Ted Poetsch, 53, said he was finishing packing and loading his cat into its carrier May 12 when he heard drilling coming from the frame of his front door, the Minneapolis Star Tribune reported Monday.
[...]
Poetsch said he escaped his house-turned-prison with the help of his one-time lawyer, Josh DuBois.
Friday, June 05, 2009
Since it's Friday night...
Thursday, June 04, 2009
What, it didn't grant him any wishes, too?
Curt Carish is already lucky, seeing as how he gets to live in what most of us would consider paradise, but the bastard has to go and be even luckier:
You know, I found a ten dollar bill once. Once. Yeah.
“I was just sitting on a picnic table looking out into the ocean of Port Allen beach when I saw a nice-size fish awkwardly swimming close to shore,” Carish said. “So my friend Allen Hall gave me a bamboo stick and said, ‘Go get ‘em.’”
Carish jumped into the waist-high water and struck the nenue a few times with the dull stick until the fish went limp.
He said its stomach was abnormally large but he just threw the fish in the cooler along with his frozen chicken that he was going to barbecue that night.
Tanley, a good friend of Carish, opened the cooler minutes later to discover a gold watch laying inches from the nenue’s mouth.
“And the funniest thing is that the watch was on time and still ticking,” Carish said.
Wednesday, June 03, 2009
Be prepared
When you're gonna rob a bank, you might want to make sure that the little things are taken care of first:
On the plus side, they're not really going to need gas money where they're headed.
Daytona Beach Police Chief Mike Chitwood said Jason Warren Dietrich, 35, and Randall Fredric Walker, 38, abandoned Dietrich's green Jeep Cherokee after it ran out of gas a few blocks from the Riverside National Bank, the Daytona Beach News-Journal reported Wednesday.
Police said they traced Dietrich's vehicle back to his home and Walker was arrested after his name was mentioned during Dietrich's arrest. Walker, who allegedly carried out the bank robbery while Dietrich waited in the car, was found to be in possession of the bank's money.
Tuesday, June 02, 2009
More like "rap novella"
I don't know what you call it at this point, but "rap sheet" seems insufficient at this point:
You'll be shocked—shocked, I tell you—to find out that alcohol was involved.
A man has been arrested for the 153rd time, this time after he was accused of punching someone in the face over the weekend.
Monday, June 01, 2009
Thanks...
...but I think I'll have my chicken without the deadly poison:
Yeah, I think I'm gonna go ahead and stick to eating chickens whose heads have been sliced off in a factory somehow.
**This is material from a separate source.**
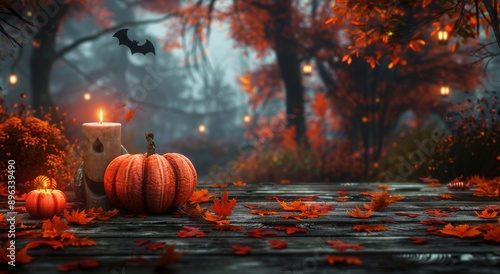 Jack-O'-Lanterns and Candles in a Forest Setting
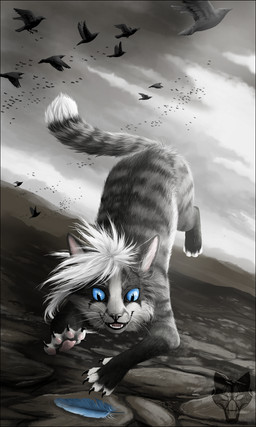 ambiguous_gender black_border black_lips black_nose blue_eyes border feathers feral flying fur grey_body grey_fur group hair lips open_mouth solo_focus teeth tongue whiskers white_hair oneminutesketch avian bird corvid corvus_(genus) crow domestic_cat felid feline felis mammal oscine passerine 2015 digital_media_(artwork) hi_res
(And, yes, I'm aware that killing chickens is inherently not nice as far as the chickens are concerned no matter how you bump them off, but it's their fault for being so friggin' tasty.)
A video showing a cook holding a snake and forcing it to bite a live chicken until it dies has been widely circulated online, (http:/you.video.sina.com.cn/b/21145091-1405053100.html) generating mainly angry comments.
[...]
Health authorities in Guangdong have already told restaurants to stop serving "poisonous snake-bitten chicken" and now those in Chongqing have joined in.
"Although nobody has been poisoned, this at the very least is an irregular way of slaughtering poultry," the business newspaper quoted a local health official as saying.
(And, yes, I'm aware that killing chickens is inherently not nice as far as the chickens are concerned no matter how you bump them off, but it's their fault for being so friggin' tasty.)